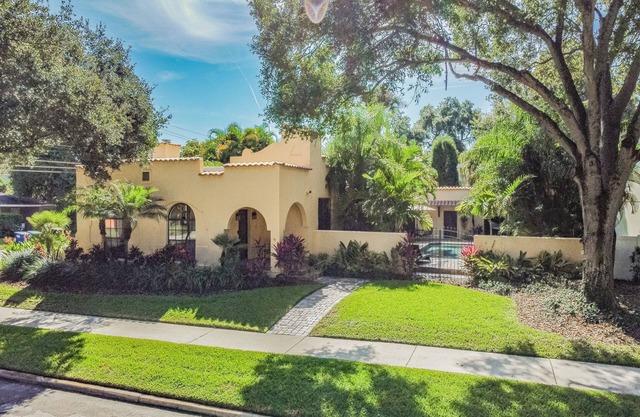Tropical pool home in South Tampa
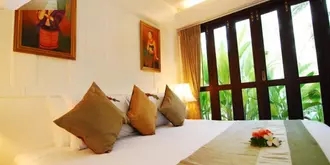 Baan Amphawa Resort and Spa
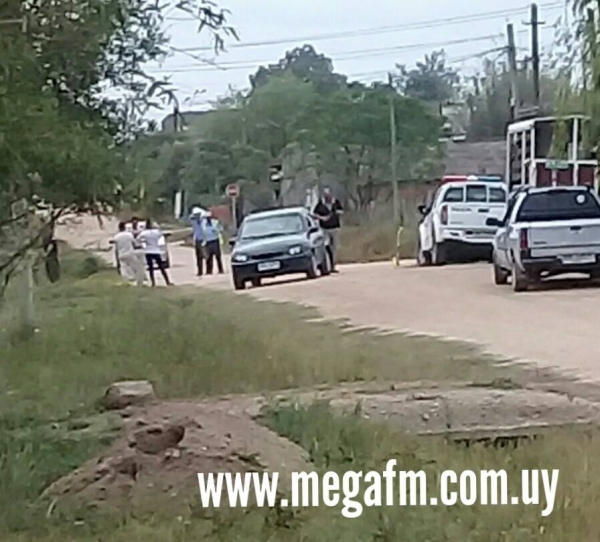 Un auto y una moto impactaron en la intersecci&oacute;n de calles Jacinto Ruiz y Fortunato Vergara 14/12/17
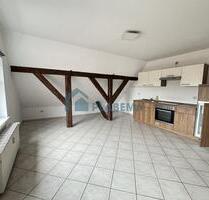 2-Zimmer-Wohnung mit Einbauküche, Galerie im Wohnzimmer, Bad mit Wanne und Fenster - Parchim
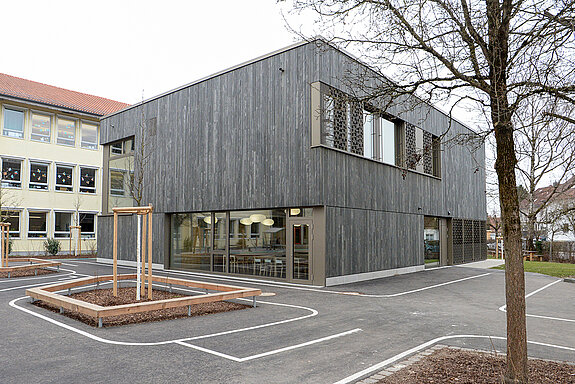 Lichtdurchfluteter Holzbau: Die Erweiterung der Grundschule St. Lantbert ermöglicht den Ganztagesbetrieb für zwei Klassen. (Foto: Stadt Freising)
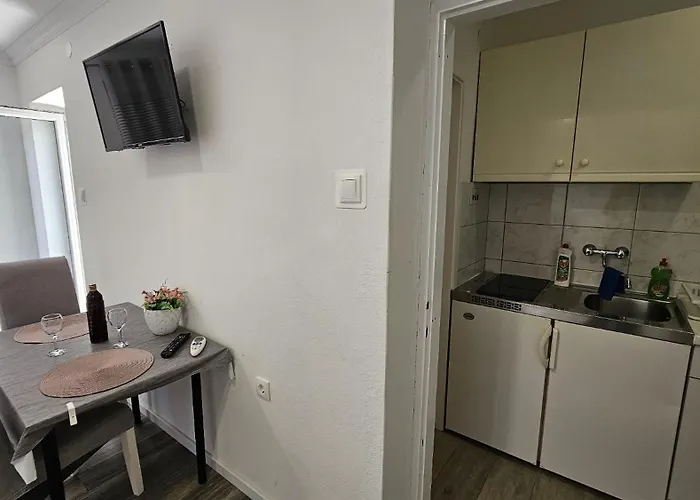 Апартаменты 2 *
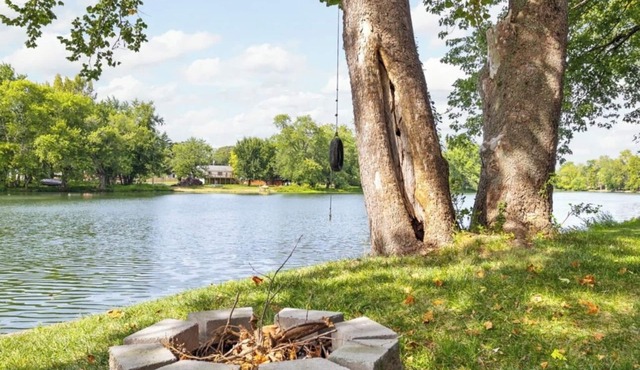 Charming White River Home/Kayaks/Paddle boat/Scenic Views!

(WORK TO BE COMPLETED) Copy every line of the records exactly as it is written, but not the pictures.

(ANSWER TO THIS TASK)
Tropical pool home in South Tampa
 Baan Amphawa Resort and Spa
 Un auto y una moto impactaron en la intersecci&oacute;n de calles Jacinto Ruiz y Fortunato Vergara 14/12/17
 2-Zimmer-Wohnung mit Einbauküche, Galerie im Wohnzimmer, Bad mit Wanne und Fenster - Parchim
 Lichtdurchfluteter Holzbau: Die Erweiterung der Grundschule St. Lantbert ermöglicht den Ganztagesbetrieb für zwei Klassen. (Foto: Stadt Freising)
 Апартаменты 2 *
 Charming White River Home/Kayaks/Paddle boat/Scenic Views!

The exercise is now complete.